The interpersonal communication that occurs during a relationship deterioration/dissolution looks to explain the possible "why" behind the relationship breakup and the communication steps that a breakup seems to follow. Studies have researched on the predictors of breakups, the breakup process, the strategies employed, the impact of the breakups and finally the process to move on emotionally from the broken relationship.

Definition
Relationship dissolution "refers to the process of the breaking up of relationships (friendship, romantic, or marital relationships) by the voluntary activity of at least one partner." This article examines two types of relationship dissolution, the non-marital breakup and the marital breakup. The differences are how they are experienced, how they must be studied and how they might survive. Nonmarital breakups help us understand the nature of the issues involved and the patterns of grief experienced, they are meaningful to both persons, creating crisis in intimacy, personal and social development and future commitment expectations. Surviving a nonmarital breakup provides the opportunity to self-discovery, generosity, dignity and nobility of grief, and the promise of recovery (Weber, 1992). In marital breakups, more negotiation and delayed dissolution may occur because of the presence of children (Johnson, 1982) called a barrier force. Not all breakups should be considered a "failure", because they didn't last long enough or hit yearly marks as dictated by society. Some breakups may serve a distinct, positive change for one of the partners if there is abuse or other negative factors in the relationship.

Breakup factors
No relationship is established with the thought that it will end with heartache and grief, at least experienced by one of the couple. Why do we bother if the common belief is that at least 50% or more marriages end in divorce? Jones & Burdette, 1994, state in their work that we face two daunting risks when we pursue an intimate relationship with another: rejection and betrayal. This is countered with our social need to belong which usually trumps the risks. Hill, Rubin, and Peplau conducted a study in 1976 where 231 heterosexual couples agreed to complete a questionnaire about their relationship for two years. Only 128 couples survived the two years together, but it was the information gathered from the 103 couples that provided substantial information on  breakup factors.

Predictors
 Dissimilarity among the couples in age, education, and physical attraction
 Those who said they "loved" each other stayed together compared to those who simply "liked" each other.

Process
Hill et al. (1976) found that the peak season for a breakup is when there are changes in one's life, which may force the relationship to be examined as to whether it can be sustained over time, distance, or other change in lifestyle. Women were more likely to be the initiators of change.

Impact
 Men were hit harder by the breakup than the women in the Hill et al. study (1976), they felt more depressed, lonely, unhappy, less free—but less guilty.
 Women were less clingy and sentimental, and more pragmatic about the future of the relationship and how it would impact their lives—they had more at stake in finding the right partner.

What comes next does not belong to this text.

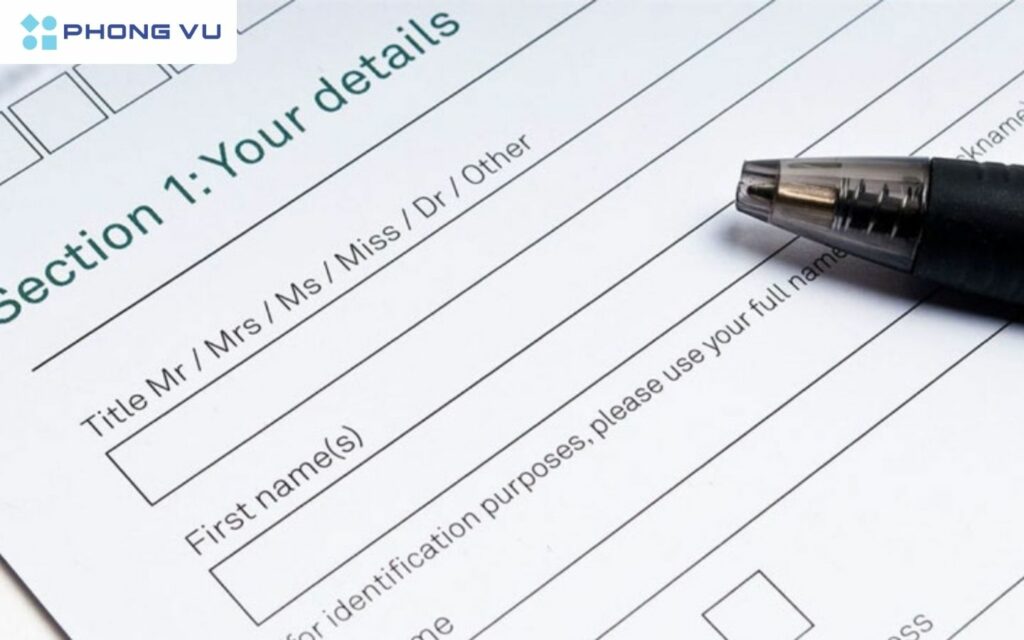 Hướng dẫn điền Last Name chính xác trong các biểu mẫu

Duck's topographical model
Steve Duck (1981) developed a topographical model of relationship disengagement and dissolution, whether married or not, in which he outlined four models of dissolution: pre-existing doom, mechanical failure, process loss and sudden death.

Pre-existing doom
 Couples who are badly  matched from the start, no matter what the initiation action involved, it could not overcome personal differences.

Mechanical failure
 When things break, where communication may be poor or interactions go badly. Without communication a relationship will never survive.

Process loss
 Relationships that die because they do not reach their potential, albeit a slow death, because of poor productivity or communication on one or both of the members of the dyad.

Sudden death
New information on a partner can produce sudden death of the new relationship with a trust violation. Davis (1973) described three conditions that produce "sudden death" in a relationship: two-sided subsidence, in which both members of the couple maintain a formal relationship with no intimacy; one-sided subsidence, where one partner is dependent and hangs on, while the other actively seeks to end the relationship; and zero-sided subsidence which is an abrupt ending primarily brought on by outside factors that makes retreat or repair impossible.

Breakup strategies
There are at least fifteen strategies used to terminate relationships and are set apart by whether they are unilateral or bilateral and indirect or direct (Baxter, 1982, 1984).

Unilateral and indirect
 Withdrawal of supportiveness and affection
 Pseudo de-escalation – purports that the relationship will benefit by separation
 Cost escalation – attempts to make the relationship unattractive to the partner
 Relational ruses – leaking an impending breakup to a friend or third party
 Avoidance behaviors|Avoidance – from complete evasion to decreased contact

Unilateral and direct
 The direct dump – simple statement that the relationship is over
 Dates with other people
 Justification – explanation why the relationship is ending
 The relationship talk trick – talking about "problems"
 Threats and bullying
 Positive tone – painting the picture that "it's nobody's fault, it's just over"
 De-escalation – breaking up to see if the relationship endures

Bilateral and indirect
 Fadeaway – both people in the relationship grow apart

Bilateral and direct
 The blame game – both partners dissatisfied and blaming each other
 Negotiated farewell – realize problems cannot be solved and negotiate breakup

Duck's Stages of dissolution
Steve Duck's (1982) four stages of relationship dissolution, each very distinctive with specific components, are moved through once one or both of the partners have crossed a cognitive threshold.

Intrapsychic stage
Intrapsychic stage begins with one partner who is dissatisfied and secretively searches for a way to "fix" the relationship. Vaughan (1986) states that uncoupling begins with a secret, and Duck asserts that the secret of unhappiness is kept that way through the intrapsychic stage.

Dyadic stage
Dyadic stage where the dissatisfied partner decides to fix the problem by confronting the other partner, thus entering into uncharted territory. This may not fix what is wrong and just continue to draw out the relationship until the unhappy partner becomes determined to depart, which will move the relationship into the next phase.

Social stage
Social stage is when the partners devise their accounts of how the breakup happened and how they will present it to their social circles. If it is in fact the end, they will cross over into the final phase of relationship dissolution.

Grave-dressing stage
Grave-dressing stage is simply the "attempt to bury and describe the relationship" stage. Partners now create an acceptable story about their love and loss, do whatever cognitive work, including introspection, attribution, rationalization, and reassessment of self and other, which is necessary in order to get over the deceased relationship.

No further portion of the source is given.